Bone mineral density is a key indicator of bone strength, influenced by multiple factors such as genetics, lifestyle, hormonal status, and medical interventions.3-6 In cancer survivors, BMD alterations may result from chemotherapy-induced bone loss, hormonal changes, physical inactivity, or nutritional deficiencies. 7 These metabolic alterations accelerate bone loss, leading to osteoporosis and fractures that impair long-term quality of life and functional independence.
Previous studies have extensively examined bone health in specific groups of cancer survivors, often focusing on individual risk factors like chemotherapy or hormonal therapy.8,9 Most of these studies have used traditional regression-based approaches,10,11 which primarily capture unidirectional associations and may not fully represent the complex, interrelated effects of multiple determinants of bone health. In particular, the combined influence of muscle mass, adiposity, and metabolic factors on BMD has been insufficiently explored in large, population-based studies of cancer survivors.
A causal Bayesian network (CBN) provides an advanced analytical framework that models probabilistic dependencies and potential causal pathways among multiple interrelated factors. 12 Therefore, this study applied CBN modeling to data from the Korea National Health and Nutrition Examination Survey (KNHANES) to examine the causal relationships between demographic, lifestyle, and clinical variables affecting BMD in cancer survivors. By identifying key modifiable determinants and causal pathways, this study aims to provide insights that support personalized interventions to preserve bone health and reduce long-term complications in this population.
Materials and Methods
Study population
Data were obtained from the KNHANES, a nationwide, cross-sectional survey conducted by the Division of Chronic Disease Surveillance, and the Korea Centers for Disease Control and Prevention (KCDC). Korea National Health and Nutrition Examination Survey uses a stratified, multistage clustered probability sampling design to represent the non-institutionalized civilian population of South Korea. This study analyzed data from the KNHANES V (2010-2011), which are publicly available on the official KNHANES website (http://knhanes.kdca.go.kr). All data are fully anonymized and de-identified prior to release, ensuring that no individual participants could be identified. Detailed information on the survey design and data collection procedures has been described previously. 13
Among 17 476 participants in the 2010-2011 KNHANES, we excluded those with missing body-weight data (n = 7445), those without dual-energy X-ray absorptiometry (DXA) measurements (n = 1317), participants younger than 19 years of age (n = 1198), and those lacking information on cancer diagnosis (n = 58). After exclusions, 7458 participants were eligible for analysis. Participants with missing data for key variables were excluded from the respective analyses (complete-case analysis).

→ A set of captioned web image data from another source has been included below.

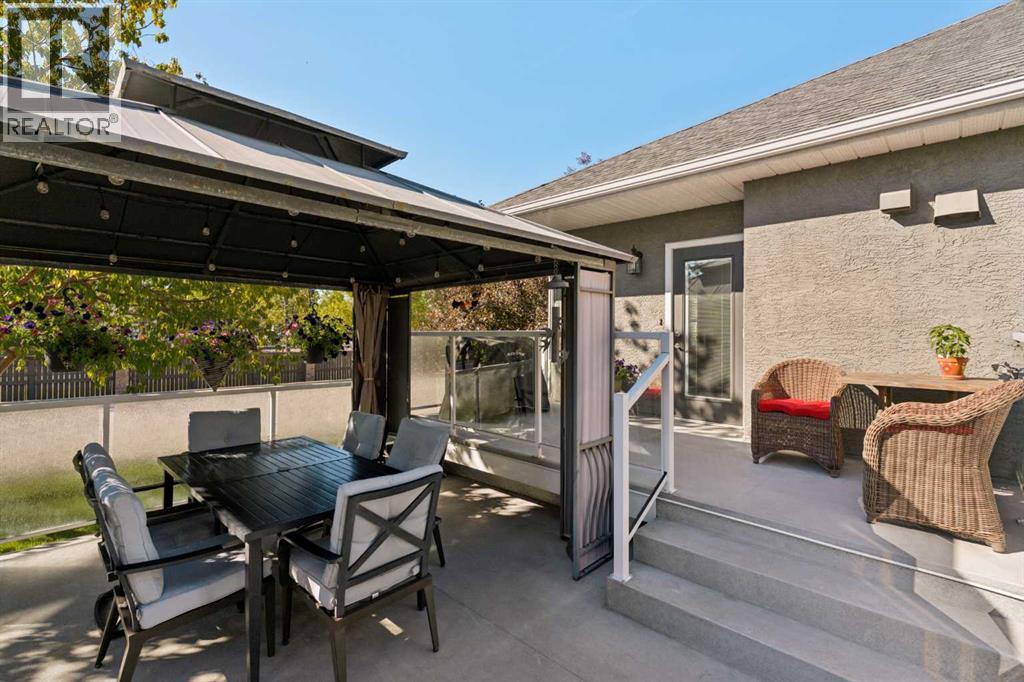 246 Woodpark Green SW, Calgary, Alberta T2W 6E9 - Photo 45 - A2345776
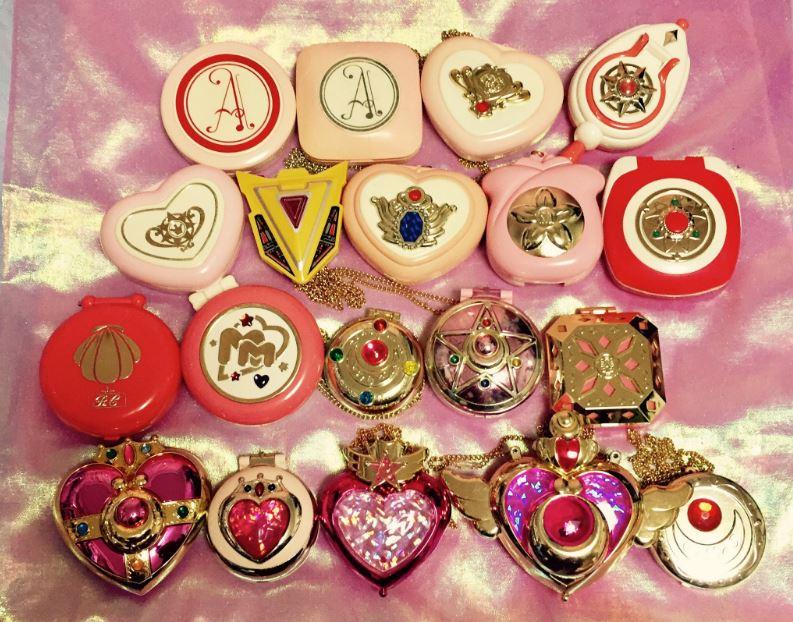 これは感動】魔法少女のコンパクトがズラリ 懐かしコレクションがSNSで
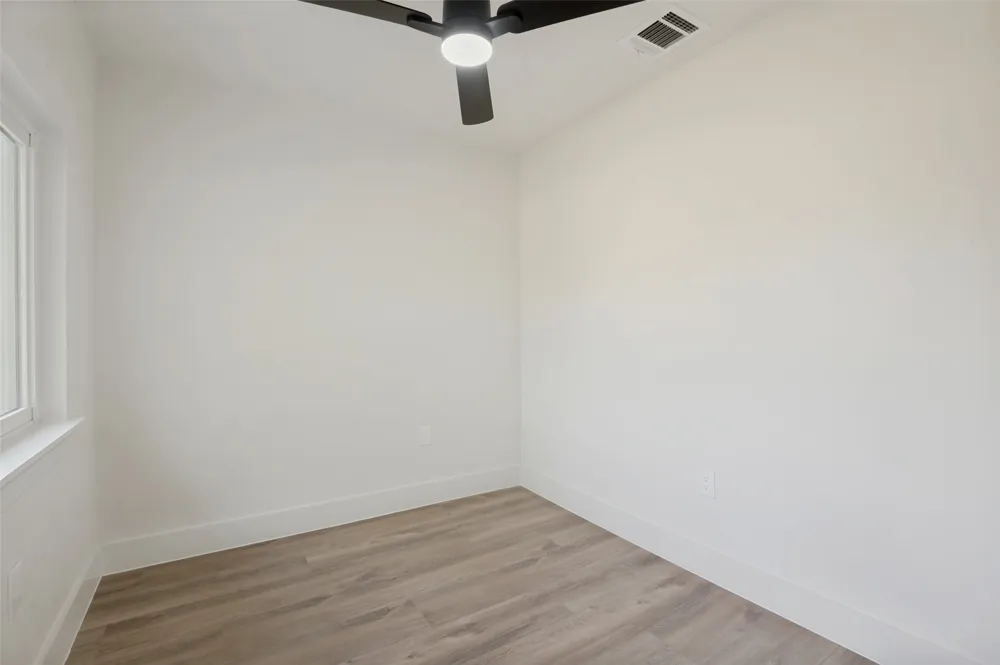14517 Dennis Lane Farmers Branch, TX 75234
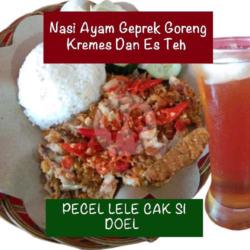 Paket Nasi Ayam Geprek Pedes Biasa Plus Es Teh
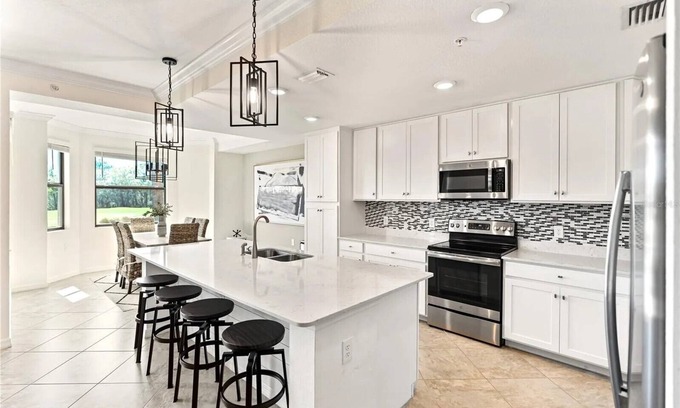 Lakewood Ranch Condo | Stunning 2BR/2BA Unit overlooking the scenic Lakewood National Golf Course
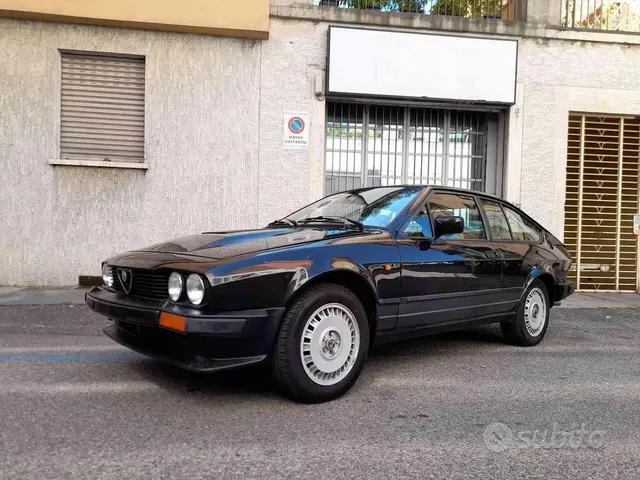 Alfa Romeo Alfetta GT/GTV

Because the proportion of missing data was minimal across included variables, no imputation was performed.
Cancer survivors were defined as individuals who answered “yes” to the question, “Have you ever been diagnosed with cancer by a physician?” Among these, 227 participants (84 males and 143 females) were classified as cancer survivors. To create a comparable control group, we estimated propensity scores using a logistic regression model that included age, sex, and smoking status as covariates. A 1:3 case-control matching was then performed using the nearest neighbor method without replacement, resulting in 681 matched individuals (264 males and 417 females) in the healthy control group. A 1:3 matching ratio was chosen to balance statistical power and matching quality. Previous methodological studies have shown that while increasing the number of controls may enhance precision, gains beyond a 1:3 ratio are generally minimal and may increase the risk of poorer match quality.14,15 A flow diagram of the participant selection process is presented in Figure 1. The KNHANES protocol was approved by the Institutional Review Board of the KCDC (No: 2010-02CON-21C, 2011-02CON-06C). Written informed consent was obtained from all participants. As this study used publicly available, de-identified data, no additional approval was required for secondary data analysis.

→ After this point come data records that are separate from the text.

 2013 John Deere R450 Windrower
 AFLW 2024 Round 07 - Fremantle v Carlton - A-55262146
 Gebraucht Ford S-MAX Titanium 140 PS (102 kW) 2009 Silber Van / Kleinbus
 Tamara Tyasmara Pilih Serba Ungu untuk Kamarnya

Flowchart of participant selection.
The reporting of this study adheres to the Strengthening the Reporting of Observational Studies in Epidemiology (STROBE) guidelines for cross-sectional studies. 16 The completed STROBE checklist has been provided as Supplementary File 1.
Study variables
Anthropometric measurements
Height and weight were measured by trained technicians following standardized KNHANES protocols while participants wore light clothing and no shoes. Height and weight were recorded using calibrated equipment, with precision to 0.1 cm and 0.1 kg, respectively.
Body mass index (BMI) was calculated as weight in kilograms divided by the square of height in meters.
BMD measurement: DXA
Bone mineral density (g/cm2) was measured using DXA (Hologic Discovery, Hologic Inc., Bedford, Massachusetts) at several skeletal sites, including the lumbar spine (L2-L4), femoral neck, trochanter, and Ward’s triangle. All measurements were performed according to standardized procedures established by the KCDC, with equipment calibration and quality control regularly performed by survey staff. Femoral neck BMD was selected as the primary outcome, as it provides consistent diagnostic accuracy across sexes and cancer types, is less affected by degenerative spine changes, and is a strong predictor of osteoporotic fracture risk. 17
Definition of osteoporosis
The diagnosis of osteoporosis was based on the World Health Organization (WHO) criteria, which classify bone status using T-scores derived from DXA measurements of the hip or spine. A T-score reflects how many standard deviations an individual’s BMD differs from the mean BMD of a young reference population. According to WHO definitions:
Normal bone mass: T-score ⩾ −1.0
Low bone mass (osteopenia): T-score between −1.0 and −2.5
Osteoporosis: T-score ⩽ −2.5
World Health Organization criteria also allow a clinical diagnosis of osteoporosis in individuals who experience low-trauma or fragility fractures, even if DXA measurements are unavailable. 18
Statistical analysis
Data are presented as the mean ± SD for continuous variables and as numbers with percentages for categorical variables. Participant characteristics according to cancer history were compared using generalized estimating equations (GEEs) clustered on the matched pair. 19 To evaluate the associations between study variables and femoral neck BMD, complex-sample linear regression analyses were conducted using both univariable and multivariable models. The multivariable model included sex, age, smoking status, history of fracture, regular exercise, serum calcium level, body fat percentage, appendicular skeletal muscle mass, and cancer history as covariates. Given the high correlation between obesity and body fat percentage, obesity was excluded from the model to avoid multicollinearity. Subgroup analyses stratified by cancer status were also performed using multivariable linear regression.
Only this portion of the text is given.